How to represent GROUP BY with HAVING COUNT(*)>1 in relational algebra?

Pierre-Antoine Guillaume picture Pierre-Antoine Guillaume · Aug 27, 2017 · Viewed 11.2k times · Source

For an exam, I am asked to get the list of clients having more than one rent, both as an SQL query and as an algebraic expression.

For some reasons, the correction doesn't provide the algebraic version.

So now I am left with:

SELECT IdClient, Name, ...
FROM Client
WHERE IdClient IN (
    SELECT IdClient 
    FROM Rental
    GROUP BY IdClient
    HAVING COUNT(*) > 1
)

I don't know if there is a standard for algebraic notations, therefore:

  • Π projection
  • × Cartesian product
  • ⋈ natural join
  • σ selection

Then I translate as:

Π IdClient, Name, ... (
    σ (count(IdClient)>1) (Π Rental) ⋈ (Client ⋈ Rental)
)

But I find no source to prove me right or wrong, especially for:

  • the logic behind the math
  • Π Rental seems like a shady business

I saw the use of count() at https://cs.stackexchange.com/questions/29897/use-count-in-relational-algebra and while it isn't used the same way, I couldn't figure out a way to use it without the projection (which I wanted to avoid.)

Answer

philipxy picture philipxy · Aug 28, 2017

There are many variants of "relational algebra", differing even on what a relation is. You need to tell us which one you are supposed to use.

Also you don't explain what it means for a pair of RA & SQL queries to "have the form of" or "be the same as" each other. (Earlier versions.) Same result? Or also some kind of parallel structure?

Also you don't explain what "get the list of clients" means. What attributes does the result have?

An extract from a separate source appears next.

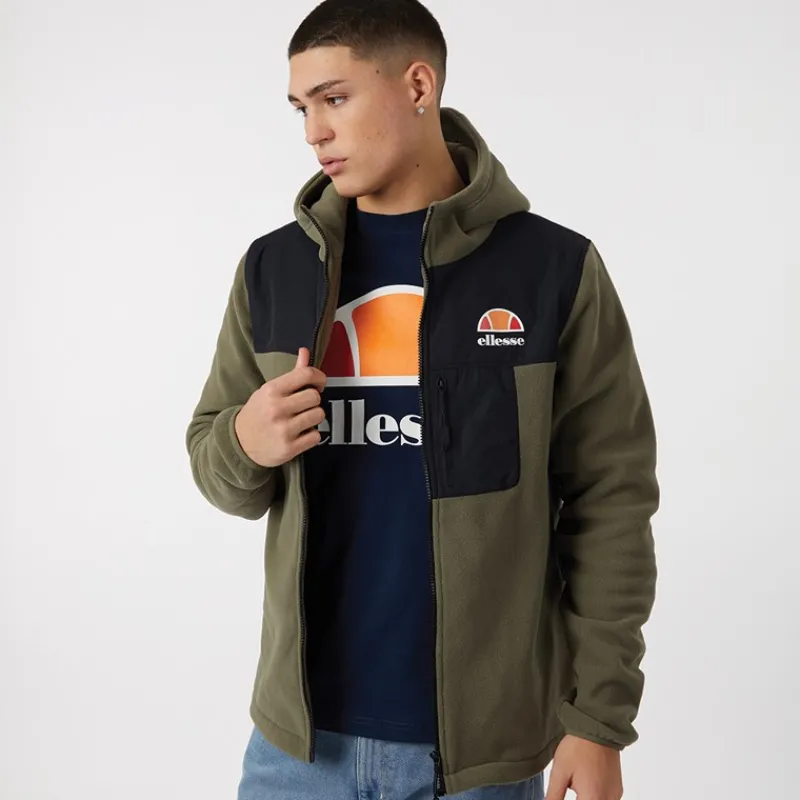 Ellesse Herre Drago Fleecejakke med hætte Khaki kakigrøn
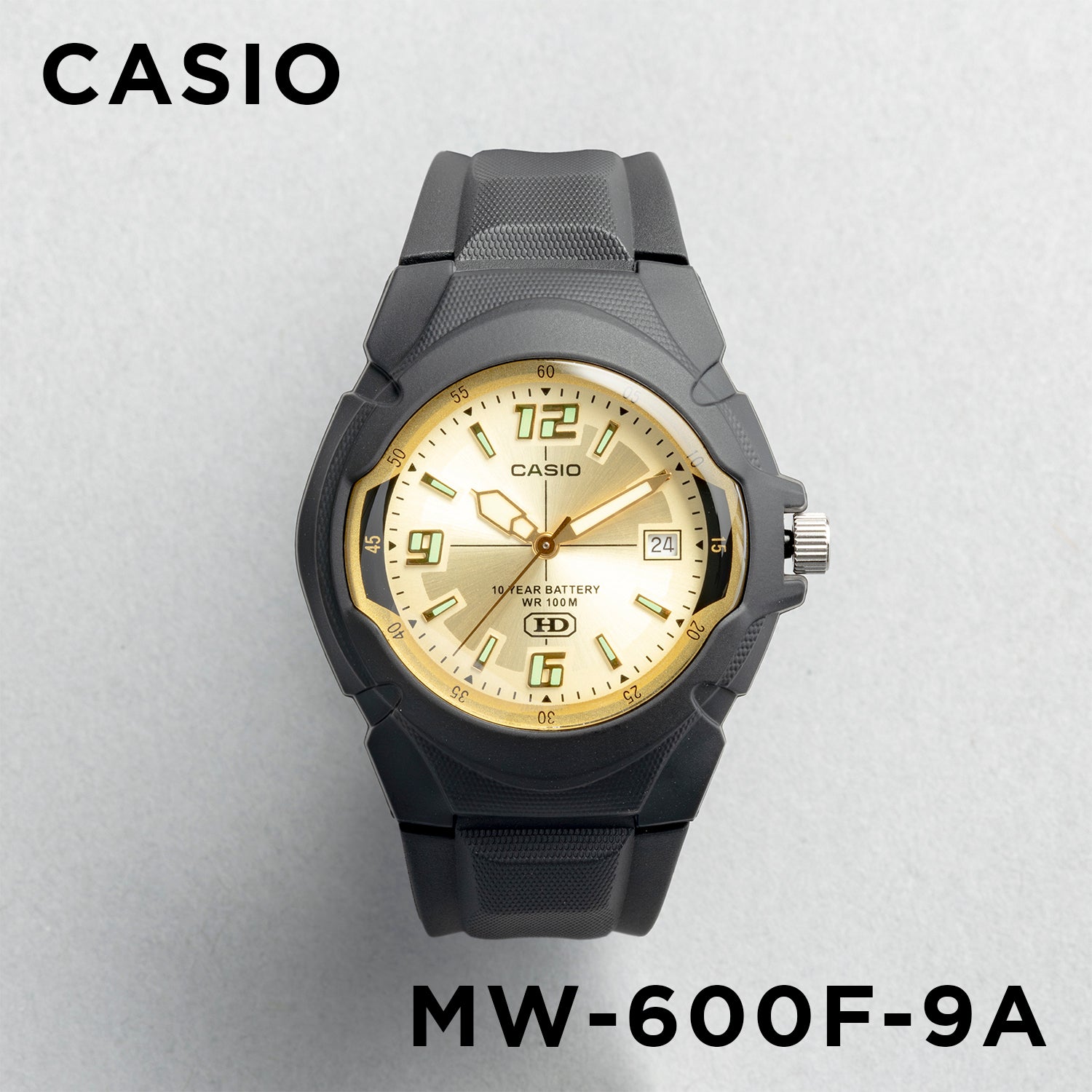 CASIO カシオ MW-600F-9A ブラック ゴールド文字盤 アナログ メンズ 腕時計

If you try to write a definition of the count you are trying to use in σ count(IdClient)>1 (...)--what it inputs & what it outputs based on that--you will see that you can't. That kind of count that takes just an attribute does not correspond to a relational operator. It is used in a grouping expression--which you are missing. Such count & group are not actually relational operators, they are non-terminals in so-called relational algebras that are really query languages, designed by SQL apologists, suggesting it is easy to map SQL to relational algebra, but begging the question of how we aggregate in an algebra. Still, maybe that's the sort of "relational algebra" you were told to use.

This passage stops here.